- IVR (interactive voice response) systems are those in which a caller hears a menu of options and is then
asked to press a key on their telephone keypad to select one e.g. "Press 1 for your balance, press 2 to pay a bill...".
This is a less natural interaction than using speech recognition but we are happy to provide applications
using it. In particular it can be useful as a fall back mechanism where there is too much background noise or if you
don't want the caller to say information such as their password out loud.
- Multi Modality. Multi modal applications are those in which the user interacts in more than one mode.
An example would be Blackjack on the internet. The user can call in using a PC phone for example
Skype, as well as logging on to a web site. They can then interact via keyboard and mouse or by speaking. We do have
the capability in this area and welcome any requirements for applications requiring multi-modality.

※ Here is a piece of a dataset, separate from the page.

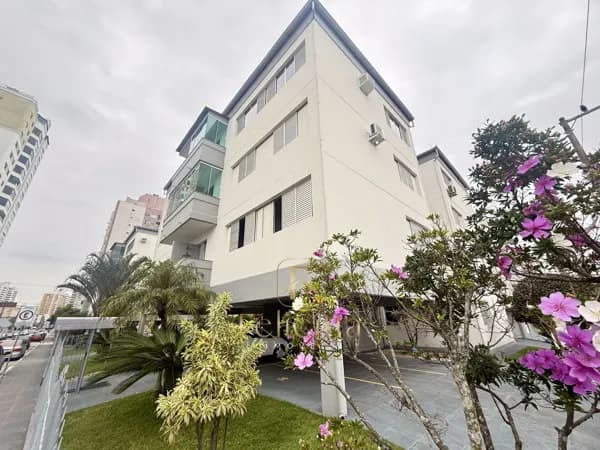 Apartamento com 03 dormitórios no Kobrasol, em São José/SC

- Dictation Systems. A dictation system is where a computer will attempt to produce a written
transcription of a users speech. To get good accuracy users must spend considerable time and effort
training the system. We do not offer dictation systems. Our speech recognition technology on the other hand,
is intended to work for any caller with no training.

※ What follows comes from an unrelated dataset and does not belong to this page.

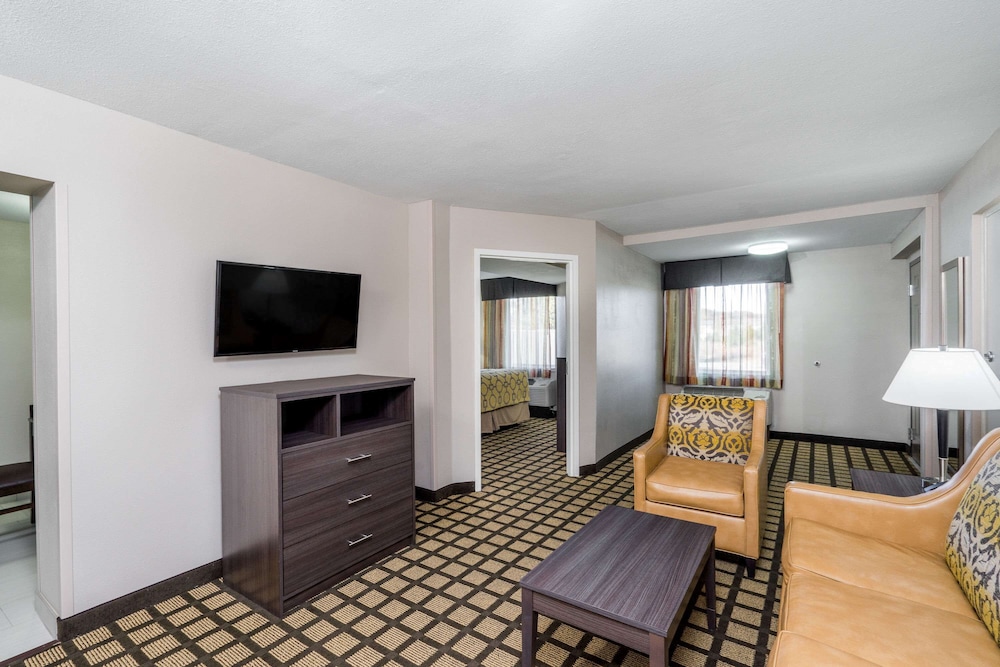 Baymont By Wyndham Clarksville 29/39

- Voice Recognition or Speaker Recognition as opposed to Speech Recognition, is an alternative technology
in which the computer is trying to recognise who the person speaking is, rather than what they are saying. This can
be used when logging on to a speech recognition application for example, but there are questions regarding
reliability so we tend to recommend other approaches.

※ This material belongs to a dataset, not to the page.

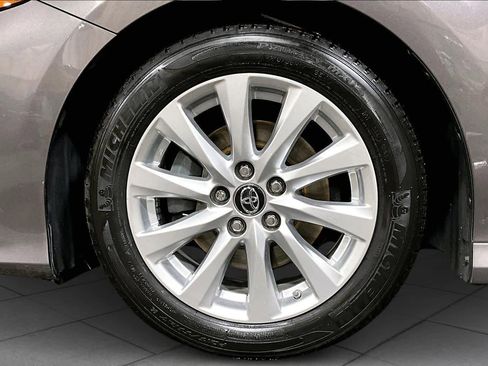 Certified 2018 Toyota Camry LE image 10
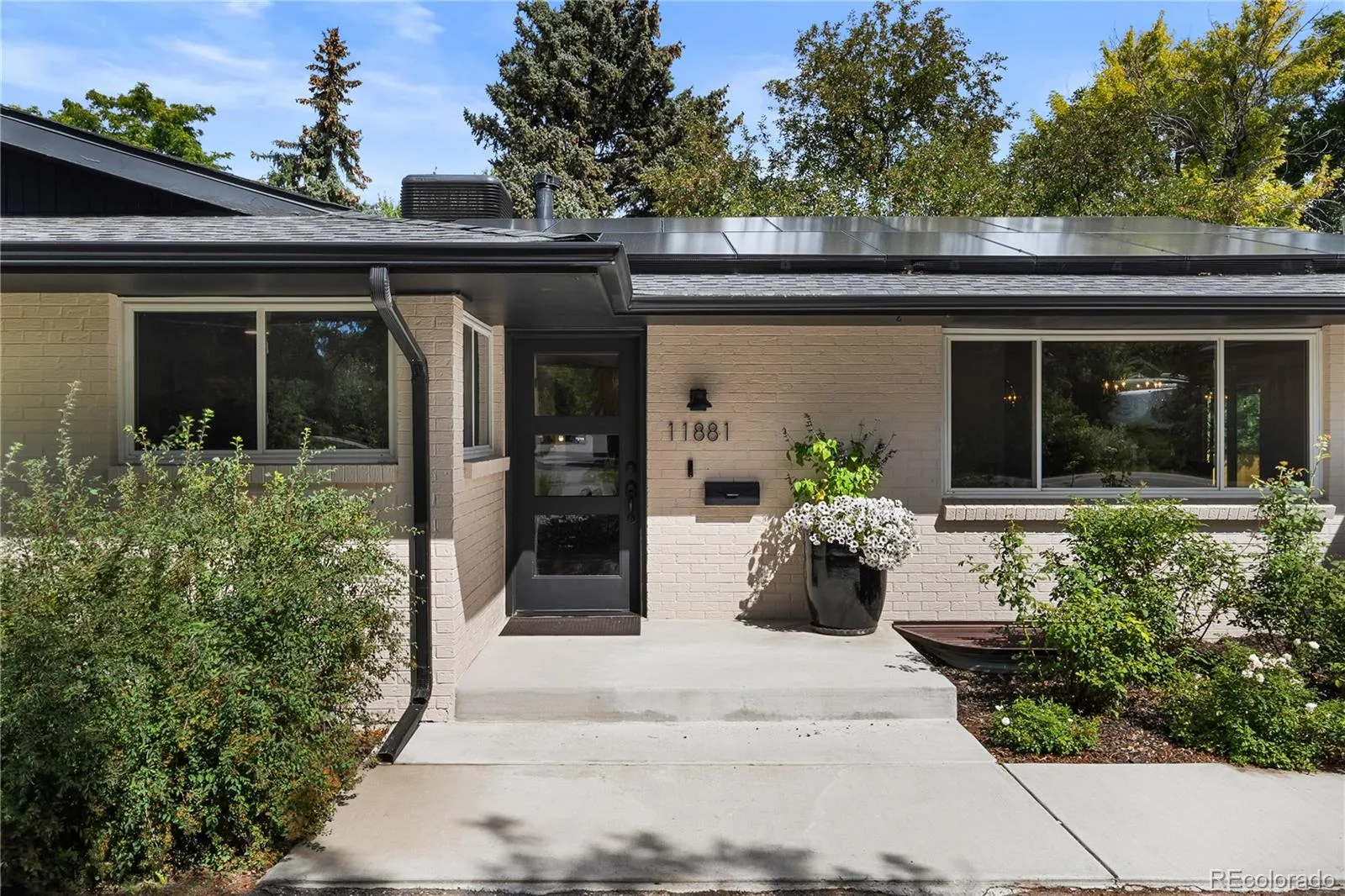 04122026080115 1600 39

- DTMF or "dual-tone multi-frequency" is the signal generated when you press a key
on your telephone keypad during an IVR interaction.
- ASR is short for "automatic speech recogniser". Most speech recognition software packages are a
combination of ASR and TTS.
- TTS. A "text to speech" engine allows text to be read out loud in a human
synthesized voice. We use human recorded speech where possible, but may use TTS when reading out unpredictable text, such
as that in an email or, for speed of turnaround in our demonstrators.